Judy: Well for me it can be something as banal as a line of dialogue that I hear on the radio on the way to work in the morning; it can be something that happens to me personally or sometimes it can be collaborative for me too. But the subject must engage me both intellectually and emotionally. For example, the song I am writing at the moment is evolving via a very different process. I am writing it with three 10-year-old boys in South Africa. I am doing it over the Internet. Their teacher contacted me and told me that these children had taken to my music and that there were three or four of my songs that they just loved and asked her to play all the time,
In the course of the e-mails these children wrote, they told me a great deal about what their lives were like. One of them had seen her parents murdered about four years ago. These are African kids in the 90's who don't know who Oliver Tambo or Steve Biko were. It's hard for me to believe that there are black South African kids who did not know of Oliver Tambo but, nonetheless, they still knew what they wanted to say about the world and I am trying to help them gather some of those things into a song.

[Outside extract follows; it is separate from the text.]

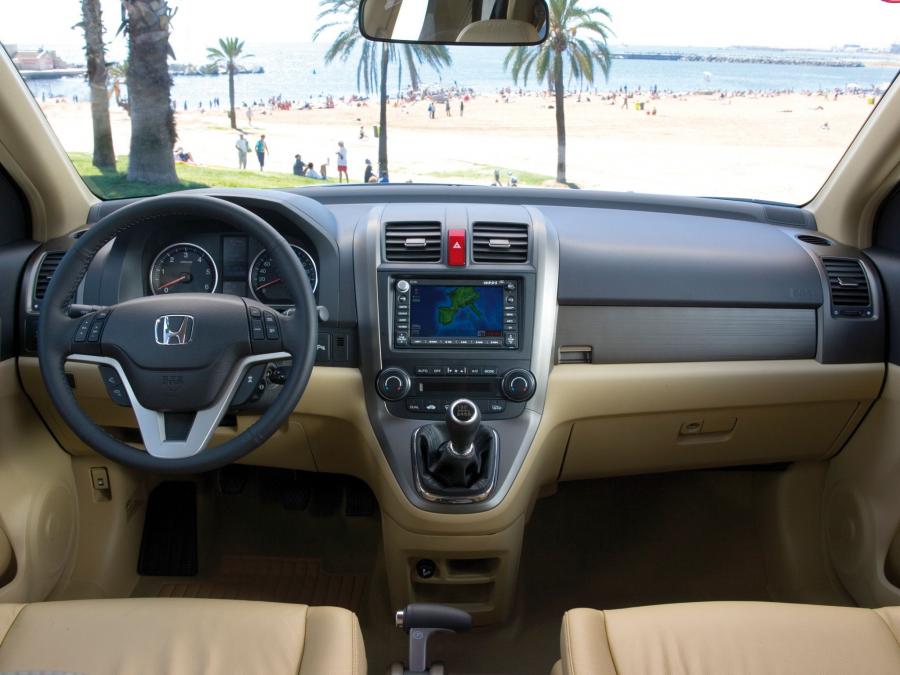  Honda CR-V 2006 года  (фото 25 из 30)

As I said, the main reason I write songs is to fill in the gaps. To write about the things for which there have not been any songs written yet; and I feel my songs are not finished until I have presented them to an audience.
Pat: Judy, I so much agree with that. I've always felt that a song without an audience is an essentially sad affair; like a sunset when no one is watching. That it is somehow incomplete. Perhaps because I've always believed that art is meant to be both expressive and communicative and that one without the other doesn't quite achieve its goal.
Judy: I have had this conversation with Eric Bogle. He feels quite differently. He feels the 'great' moment is when the song is first completed; that for him, is the moment he finds most satisfying.
Other writers feel they have to perform the work on multiple occasions before they feel it's finished. I love what Joanie Mitchell said when she was asked why she became a songwriter instead of an artist. Because she has such a love of performance, she said "Well man, no one ever asked Van Gogh to paint "A Starry Night" ever again.
Pat: But I suppose
that does bring us to a rather vexed question for writers who
have written a lot of songs; songs that have been successful.
Is there not the ever present temptation to simply repeat the
Has this been a trap for you?
Judy: I think there's a lot of pressure on writers to keep coming up with similar sorts of things. People say to me, "Have you written a song about September 11th yet?" I say well, no, not particularly; but I have written songs about America and its place and its influence in the world and current events only seem to underline the truth of the songs that I previously wrote so I don't see the need to write a new song on the subject. The temptation for writers to keep on writing the same song is a very easy trap to fall into.
I think one of the greatest compliments that was ever payed to me was by someone who said at a concert that said that the songs were often so different to one another she could never tell if a song was a Judy Small song unless I sang it. I was pleased by that because I try not to fall into the complacency of writing what I am expected to write, that is, only what I think my audiences want to hear.
But I do understand the "I loved your early work syndrome' because when a songwriter first appears on the scene; that is when the work is fresh to most people. That is when it really connects. Ten years down the track, those original fans still want to capture that sense of freshness, They don't necessarily want the same music, but they want the experience that the music once gave them. That's why they buy the next CD.
They look for familiarity in your work. I think that this is the biggest challenge for any writer, to somehow provide that freshness in an ongoing way but still maintain manage enough familiarity to carry the audience with you.